I can see how if the situation does not call for a distinction between "exists but is empty" and "does not exist" then the programmer may choose either "" or null to indicate no value. The choice will likely be based on thier personal preference and/or "fear of null" (a phenomenon I have encountered before) I don't see this possibility as being a good reason to limit flexibility in this way.
 It's easier to focus instead on only
 distinguishing empty/non-empty, which is what D does.
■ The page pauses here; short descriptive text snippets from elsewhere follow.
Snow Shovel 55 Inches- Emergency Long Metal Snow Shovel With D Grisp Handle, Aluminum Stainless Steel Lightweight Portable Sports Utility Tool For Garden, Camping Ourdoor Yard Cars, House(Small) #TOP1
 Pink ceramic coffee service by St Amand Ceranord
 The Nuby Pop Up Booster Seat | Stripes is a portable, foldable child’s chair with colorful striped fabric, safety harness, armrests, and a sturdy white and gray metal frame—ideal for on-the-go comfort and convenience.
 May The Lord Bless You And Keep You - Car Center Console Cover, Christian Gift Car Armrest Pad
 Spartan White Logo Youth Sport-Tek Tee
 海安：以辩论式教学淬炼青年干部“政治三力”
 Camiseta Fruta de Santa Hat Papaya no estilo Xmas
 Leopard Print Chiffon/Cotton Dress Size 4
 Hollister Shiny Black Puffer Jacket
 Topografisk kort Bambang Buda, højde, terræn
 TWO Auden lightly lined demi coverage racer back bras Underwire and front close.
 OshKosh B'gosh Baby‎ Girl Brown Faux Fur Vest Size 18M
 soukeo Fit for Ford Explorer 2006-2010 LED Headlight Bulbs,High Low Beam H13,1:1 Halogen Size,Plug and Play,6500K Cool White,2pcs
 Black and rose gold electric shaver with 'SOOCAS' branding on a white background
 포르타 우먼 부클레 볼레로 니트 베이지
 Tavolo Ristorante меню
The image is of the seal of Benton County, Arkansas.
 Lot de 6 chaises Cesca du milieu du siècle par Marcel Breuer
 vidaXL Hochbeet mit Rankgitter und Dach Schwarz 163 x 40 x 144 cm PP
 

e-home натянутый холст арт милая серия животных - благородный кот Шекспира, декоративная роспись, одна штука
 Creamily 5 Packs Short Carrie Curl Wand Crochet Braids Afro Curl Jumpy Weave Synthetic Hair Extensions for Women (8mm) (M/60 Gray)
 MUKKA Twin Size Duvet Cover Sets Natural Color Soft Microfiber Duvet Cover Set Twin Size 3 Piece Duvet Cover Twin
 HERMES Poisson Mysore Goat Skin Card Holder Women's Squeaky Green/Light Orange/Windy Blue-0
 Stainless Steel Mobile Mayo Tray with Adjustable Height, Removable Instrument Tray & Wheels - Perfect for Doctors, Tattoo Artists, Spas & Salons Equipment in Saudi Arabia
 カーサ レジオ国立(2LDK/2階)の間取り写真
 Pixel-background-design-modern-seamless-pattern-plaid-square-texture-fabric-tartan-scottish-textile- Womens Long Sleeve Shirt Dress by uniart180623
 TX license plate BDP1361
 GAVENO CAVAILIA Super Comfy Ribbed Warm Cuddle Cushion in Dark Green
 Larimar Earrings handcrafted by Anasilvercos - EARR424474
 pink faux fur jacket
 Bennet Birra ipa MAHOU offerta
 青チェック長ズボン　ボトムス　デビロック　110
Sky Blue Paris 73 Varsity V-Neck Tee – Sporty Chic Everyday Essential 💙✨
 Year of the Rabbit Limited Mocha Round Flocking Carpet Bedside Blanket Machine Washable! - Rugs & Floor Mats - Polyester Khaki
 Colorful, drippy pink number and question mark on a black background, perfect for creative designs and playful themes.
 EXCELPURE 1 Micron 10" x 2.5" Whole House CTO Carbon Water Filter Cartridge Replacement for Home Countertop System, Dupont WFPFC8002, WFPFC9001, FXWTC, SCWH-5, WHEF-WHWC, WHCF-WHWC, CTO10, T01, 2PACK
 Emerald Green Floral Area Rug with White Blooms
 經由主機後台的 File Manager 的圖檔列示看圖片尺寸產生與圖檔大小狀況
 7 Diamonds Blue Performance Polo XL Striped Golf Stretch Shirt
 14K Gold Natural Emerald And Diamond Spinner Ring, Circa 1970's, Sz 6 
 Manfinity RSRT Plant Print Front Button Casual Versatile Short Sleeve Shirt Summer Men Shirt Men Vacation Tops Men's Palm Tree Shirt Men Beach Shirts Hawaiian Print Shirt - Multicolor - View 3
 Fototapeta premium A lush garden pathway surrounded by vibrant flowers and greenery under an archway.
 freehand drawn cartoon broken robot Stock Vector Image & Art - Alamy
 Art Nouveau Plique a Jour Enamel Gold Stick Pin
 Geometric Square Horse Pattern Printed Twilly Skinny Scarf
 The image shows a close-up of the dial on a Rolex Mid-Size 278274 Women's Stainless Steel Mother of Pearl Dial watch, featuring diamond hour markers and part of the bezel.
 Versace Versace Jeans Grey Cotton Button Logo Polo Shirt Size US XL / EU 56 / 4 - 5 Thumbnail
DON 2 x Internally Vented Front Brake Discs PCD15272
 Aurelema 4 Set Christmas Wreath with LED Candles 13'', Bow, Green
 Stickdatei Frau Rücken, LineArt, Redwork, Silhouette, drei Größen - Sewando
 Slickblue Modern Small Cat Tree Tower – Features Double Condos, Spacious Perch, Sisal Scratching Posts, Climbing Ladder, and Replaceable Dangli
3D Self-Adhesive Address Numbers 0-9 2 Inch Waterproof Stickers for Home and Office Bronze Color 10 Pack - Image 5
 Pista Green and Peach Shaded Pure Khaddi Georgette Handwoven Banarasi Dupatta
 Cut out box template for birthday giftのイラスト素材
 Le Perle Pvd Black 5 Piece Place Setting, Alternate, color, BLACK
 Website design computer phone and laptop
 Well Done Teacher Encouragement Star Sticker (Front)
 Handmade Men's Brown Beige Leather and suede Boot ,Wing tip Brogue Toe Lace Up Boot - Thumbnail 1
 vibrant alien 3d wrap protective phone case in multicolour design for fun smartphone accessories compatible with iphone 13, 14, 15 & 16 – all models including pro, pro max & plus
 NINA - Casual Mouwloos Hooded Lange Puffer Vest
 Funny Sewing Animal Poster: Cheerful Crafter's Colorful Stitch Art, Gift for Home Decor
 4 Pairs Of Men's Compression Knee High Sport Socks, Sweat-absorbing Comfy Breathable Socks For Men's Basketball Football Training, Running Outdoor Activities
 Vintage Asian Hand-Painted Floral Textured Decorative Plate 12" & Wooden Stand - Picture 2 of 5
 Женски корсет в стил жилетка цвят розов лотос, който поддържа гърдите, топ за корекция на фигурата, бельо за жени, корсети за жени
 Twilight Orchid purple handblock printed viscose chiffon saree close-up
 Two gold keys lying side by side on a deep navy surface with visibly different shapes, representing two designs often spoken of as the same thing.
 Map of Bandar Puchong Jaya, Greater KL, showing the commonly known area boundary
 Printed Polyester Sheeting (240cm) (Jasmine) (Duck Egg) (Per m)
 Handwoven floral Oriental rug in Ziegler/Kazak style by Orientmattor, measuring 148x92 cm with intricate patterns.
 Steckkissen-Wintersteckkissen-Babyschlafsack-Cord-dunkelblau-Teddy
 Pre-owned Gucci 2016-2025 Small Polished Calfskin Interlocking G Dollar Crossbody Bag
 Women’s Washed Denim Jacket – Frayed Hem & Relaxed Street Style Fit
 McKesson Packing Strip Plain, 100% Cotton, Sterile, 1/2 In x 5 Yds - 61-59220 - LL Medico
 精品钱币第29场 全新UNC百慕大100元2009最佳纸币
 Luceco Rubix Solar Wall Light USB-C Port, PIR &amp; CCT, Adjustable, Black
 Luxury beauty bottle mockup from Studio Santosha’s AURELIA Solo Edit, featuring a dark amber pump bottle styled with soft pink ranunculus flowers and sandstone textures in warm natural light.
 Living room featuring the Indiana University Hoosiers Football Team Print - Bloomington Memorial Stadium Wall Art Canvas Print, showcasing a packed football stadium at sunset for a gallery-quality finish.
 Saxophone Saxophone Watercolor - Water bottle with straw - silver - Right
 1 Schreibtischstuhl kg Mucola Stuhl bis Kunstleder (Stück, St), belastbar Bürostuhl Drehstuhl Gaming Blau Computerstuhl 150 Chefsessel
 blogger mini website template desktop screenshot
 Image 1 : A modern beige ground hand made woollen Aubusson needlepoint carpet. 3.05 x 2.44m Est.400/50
You mean, limit flexibility for the sake of simplicity. I don't like it.
 One can think up APIs where having a third, null, choice would be useful  
 but almost all the time the practical uses of an array are covered by  
 empty/non-empty.

I think it depends on style and the sort of code you write as to whether the situations where a null choice is "required"* are common or not. Personally I come across them often. I also believe that some people just don't see the need for a distinction, i.e. the current readLine implementation. *(required is perhaps the wrong word, you can probably work around most situation, but the workaround generally is just that, and sub-optimal)
 The foreach will stop automatically at eof. It's like a foreach  
 stopping
 at the end of an array when it has no more elements. It doesn't run  
 once
 more with null - it just stops.

Which foreach? My one? Assume now that I remove the eof() check. What happens now?

It would iterate forever

Not if readLine were implemented the way I assumed it would have been.
 just like any loop that doesn't have an ending
 condition.

Bollocks. :) The ending condition is readLine() returning null (indicating no more lines "exist"). Regan
Mar 29 2005
prev sibling parent reply "Regan Heath" <regan netwin.co.nz> writes:
On Mon, 28 Mar 2005 15:25:57 +0200, AEon <aeon2001 lycos.de> wrote:
 Trying to understand what you did, here. There seem to be several  
 concepts I am still missing...

Ben has done a fairly good job of explaining it. I'll have a go too, the combination of our efforts will hopefully explain "everything". :)
 import std.c.stdlib;
 import std.stream;
 import std.stdio;
  class LineReader(Source) : Source

You seem to be "shadowing" some parent class called Source?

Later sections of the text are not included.